Noutro livro excepcional, “Lições de Literatura” (Três Estrelas, 464 páginas, tradução de Jorio Nabokov), Nabokov examina a prosa de Jane Austen, Dickens, Flaubert, Kafka, James Joyce, Proust e Robert Louis Stevensen. Poderia muito bem ter incluído Thomas Mann e ter retirado Stevensen (um dos ídolos literários de Jorge Luis Borges). As análises de Flaubert, Kafka, Joyce e Proust são excepcionais, revelando um leitor atentíssimo da literatura alheia.

A editora portuguesa Assírio & Alvim publicou um livro interessantíssimo de Vladimir Nabokov, “Opiniões Fortes” (377 páginas, tradução de Carlos Leite). Contém entrevista, textos críticos e comentários curtos e corrosivos sobre seus críticos.

Perguntam para o escritor: “Que opinião tem do chamado ‘novo romance’ em França?” Sua resposta: “Os grupos, os movimentos, as escolas de escrita e assim por diante não me interessam. Interessa-me apenas o artista individual. Esse ‘novo romance’ não existe realmente; mas existe um grande escritor francês, Robbe-Grillet; o seu trabalho é imitado grotescamente por uma quantidade de escribas banais a quem um falso rótulo serve comercialmente”.

Vladimir Nabokov 23

Comentário de Vladimir Nabokov sobre George Steiner: “O artigo do senhor Steiner (‘Extraterritorial’) assenta em sólidas abstracções e opacas generalizações. Alguns pontos podem ser destacados e devem ser corrigidos. Ele sobrestima absurdamente o domínio do francês de Oscar Wilde. É humano mas um pouco vulgar da sua parte repreender o meu Van Veen por escarnecer do meu ‘Lolita’ (o qual, numa forma transfigurada, magnanimamente transpus para um colega autor); seria mais sensato da sua parte ler ‘Ada’ com mais cuidado do que os atrasados mentais que justamente condena por rejeitarem como hermética a prosa límpida dum escritor. A uma informação errada devo fortemente opor-me: nunca pertenci à ‘haute bourgeoisie’ em que ele severamente me inclui (mais ou menos como aquele crítico marxista do meu ‘Na Outra Margem da Memória’ que classificou o meu pai como ‘plutocrata’ e ‘homem de negócio’!). Os Nabokov foram soldados e nobres rurais desde (pelo menos) o século XV”.

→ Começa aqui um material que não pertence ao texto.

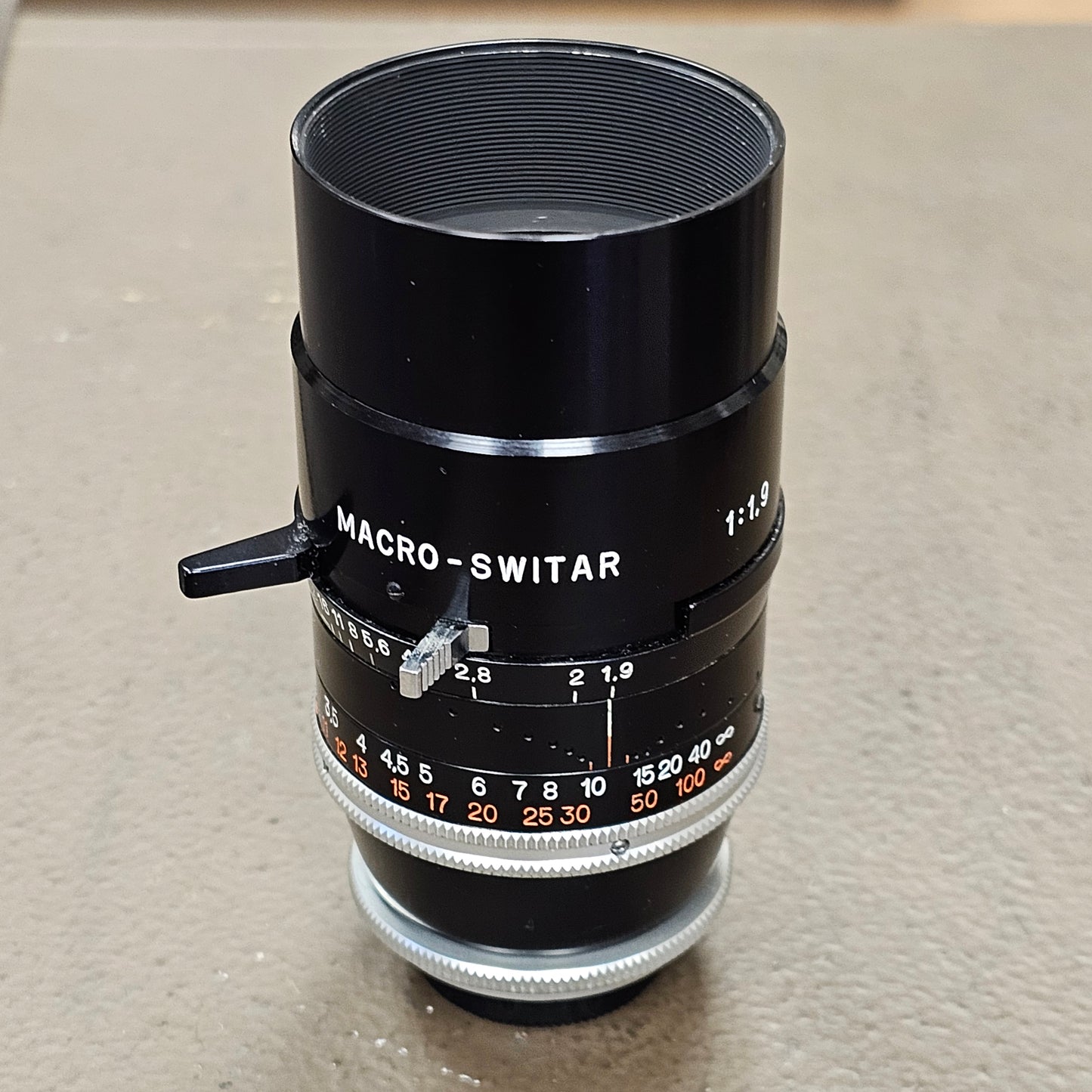 Switar 75mm Macro Preset f1.9 C-Mount Telephoto Lens S# 1131180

Numa entrevista, de 1972, fala de Boris Pasternak, poeta que ficou famoso pelo romance “Doutor Jivago”: “Qualquer russo inteligente veria imediatamente que o livro é pró-bolchevique e historicamente falso, quanto mais não seja por ignorar a Revolução Liberal da Primavera de 1917, ao mesmo tempo que põe o santo doutor a aceitar com alegria o ‘coup d’etat’ bolchevique sete meses mais tarde… tudo isto segue a linha do partido. Deixando de lado a política, considero o livro uma coisa triste, mal feita, trivial e melodramática, com situações de catálogo, advogados voluptuosos, raparigas incríveis e coincidências mais do que estafadas”.

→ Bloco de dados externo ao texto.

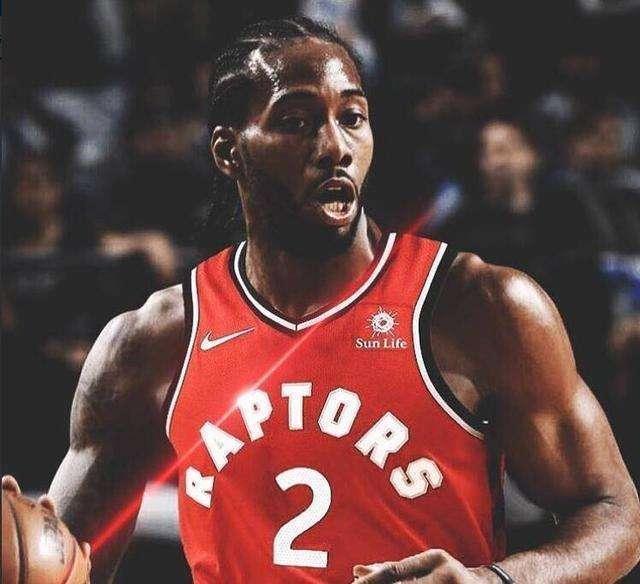 6场6球7助！官方：梅西当选2025赛季美职联季后赛MVP（官方宣布：梅西荣膺2025美职联季后赛MVP，6战6球7助攻）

O entrevistador (anônimo) pergunta: “Contudo tem uma opinião elevada de Pasternak como poeta lírico?” Sua réplica: “Sim, aplaudi ter ganho o Prêmio Nobel pela força do seu verso. No entanto, no ‘D. Jivago’, a prosa não está à altura da sua poesia. Aqui e ali, numa paisagem ou num sorriso, podem-se distinguir, talvez, leves ecos da sua voz poética, mas essas ‘fioriture’ ocasionais são insuficientes para salvar o seu romance da banalidade provinciana tão típica da literatura soviética dos últimos cinquenta anos. Essa ligação com a tradição soviética precisamente tornou caro o livro aos nossos leitores progressistas. Simpatizei profundamente com o calvário de Pasternak num Estado policial; contudo, nem as vulgaridades do estilo de ‘Jivago’ nem uma filosofia que procura refúgio num tipo doentiamente açucarado de cristianismo poderia alguma vez transformar essa simpatia em entusiasmo dum colega escritor”.